For some, American dream is a rumor

July 08, 1997|By MICHAEL OLESKER

In Taneytown, in the farthest northwestern reaches of Carroll County, there's a convenience store with a couple of gasoline pumps out front and a special deal on submarine sandwiches inside. From 4 p.m. until midnight, you can buy a 12-inch sub for $3.99. If you pace yourself properly, you can make the sandwich last across two days.

"What I do," says an old friend of mine, "is eat half of it for dinner, and the next day I have the other half. Cold cut, cheeseburger, whatever. I figure, I'm getting a couple of meals for about $2 each."

He moved to Taneytown about a month ago, for the same reason he's staggering his $2 meals over two days. Things are still rough along certain edges of American life, including his.

Last weekend, the president talked about the public assistance rolls dropping by a million people since August -- but they're about to go up by one. Unemployment's generally down -- but many of the newly created jobs offer modest wages. The stock market's been going gangbusters for months. But in Maryland, the U.S. bankruptcy courts are so clogged -- filings are running 38 percent ahead of last year's record-setting numbers; 13,340 cases had filed through May this year, and they're anticipating about 30,000 cases by the end of the year -- that they're asking for additional judges to handle the overload.

My friend's in the last group. A Baltimore native, he moved to Taneytown after getting downsized from several sales jobs, after going broke from long months of unemployment, after filing for bankruptcy, after losing his home as part of the deal.

He retains only his car, on whose payments he's now running two months late. It needs a brake job, but he hasn't got the money for it. He has a grown son, from a marriage that ended several years back after more than 25 years. The son lives in a small townhouse in Taneytown. My friend has moved in with his son.

"For a parent to have to move in with a child," my friend says, and then lets the sentence drift away.

He is 51 years old. He's worked for a living since he was 18. The jobs were never easy, years making the rounds in the wholesale liquor business, years more in the food brokerage business, where the daily driving took him to D.C. and Virginia and West Virginia. He came home at the end of the day and wrung himself out.

But five years ago, the food brokerage company was bought out by another firm. He was downsized. Then commenced a pattern that included reading the newspaper want ads, sending out resumes, telephoning prospective employers, while simultaneously filing for unemployment assistance, stalling creditors, beginning to pay his bills with credit cards because he had no other means of payment, hoping for an employment miracle, and finally the credit companies saying, game's over.

He had one job that lasted eight days, checking inventory at a series of stores. He drove about 200 miles each day. On the ninth day, his boss, apologetic, told him he'd been ordered to downsize by seniority. Another job, he worked 60 hours in the first four days. It paid about $10 an hour but ate up most of that in gas.

He has gone to employment agencies for help finding work and been told, "Frankly, they're not looking for 51-year-old men. You're what we call an Arthur Godfrey. They think your time has passed."

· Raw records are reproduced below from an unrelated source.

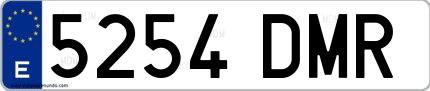 Ejemplo de matrícula española 5254 DMR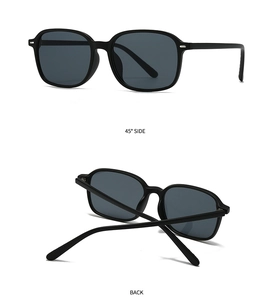 Detail view of square black sunglasses showing 45-degree side and back folding angles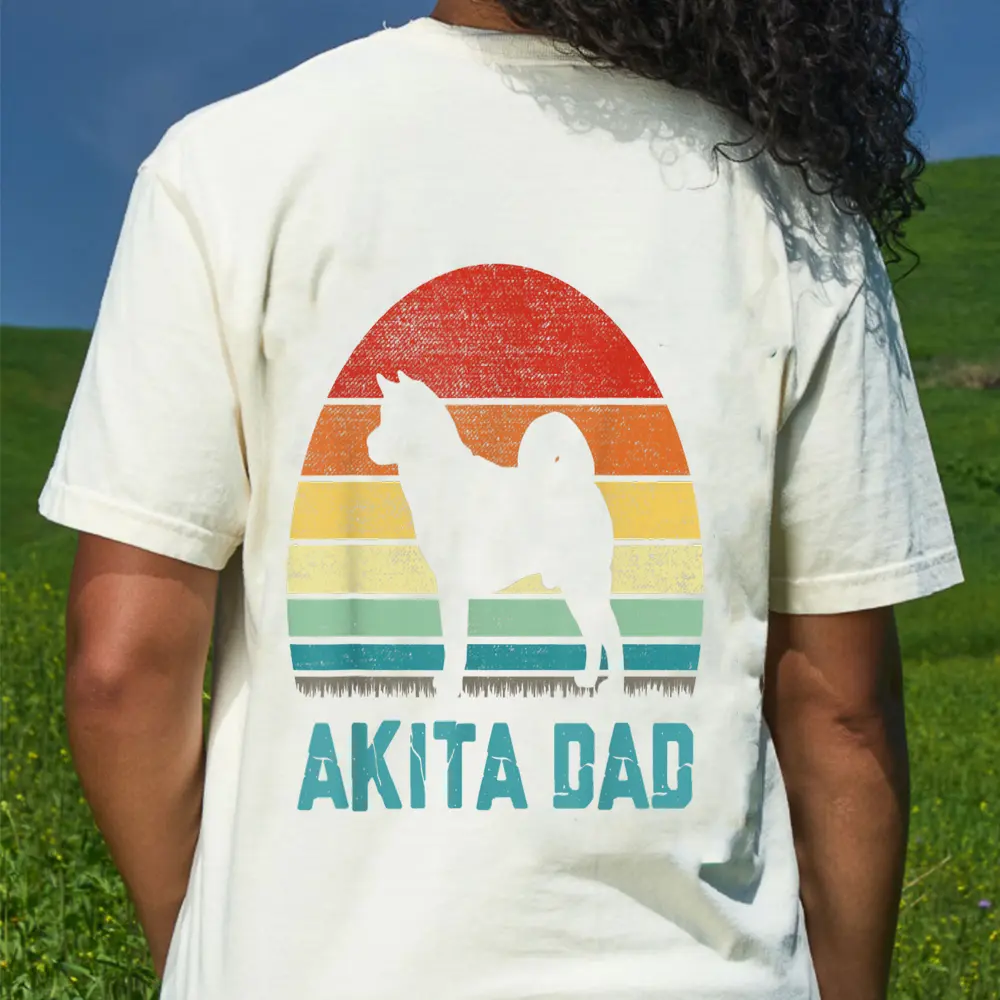 Vintage Akita Dad - Dog Lover T-Shirt - Cream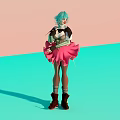 Woman With Turquoise Hair In Black White Top And Pink Skirt Against Pink Background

There are laws against age discrimination, but we're talking about the real world here. Years ago, my friend managed a fitness club. In Taneytown, he got a phone call from an old contact in the business: Would he be interested in managing a club? Of course he would.

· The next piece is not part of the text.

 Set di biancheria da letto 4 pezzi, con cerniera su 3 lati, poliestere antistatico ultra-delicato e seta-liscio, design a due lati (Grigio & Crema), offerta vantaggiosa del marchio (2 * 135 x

But the club was on the far side of the Bay Bridge, which meant driving from Western Maryland to the Eastern Shore. Each workday went from 10 a.m. to 9 p.m. Not including travel time. It was 93 miles each way. It might as well have been 93 million. The job paid $300 a week before taxes. This meant about $230 a week after deductions, minus gas money, and food, and other expenses. This, for a six-day week. It meant he was working for about $2 an hour. He gave it up after a week.

"It feels," he says, "like this is happening to somebody else. I've worked my whole life, I've hung in on jobs where I took a beating every day. I keep coming close to good jobs and just missing.

"Now I'm out here on the edge of Carroll County, and anywhere in the Baltimore area I look for a job, it's a long distance call. I want to visit old friends, it's half a tank of gas. Only it feels like I don't have any friends. I'm a ghost now.

"I've had nightmares of running down a street with a huge flood after me, and I land in strange neighborhoods where I've never been. I feel like I don't know anybody anywhere. Like I don't belong anywhere."

He's out there on the fringes of the American dream. He lived pieces of it for a time, but now it feels like a rumor. From out there in Taneytown, from the convenience store where he stretches $3.99 subs over two days, he's starting to believe it's not his dream anymore.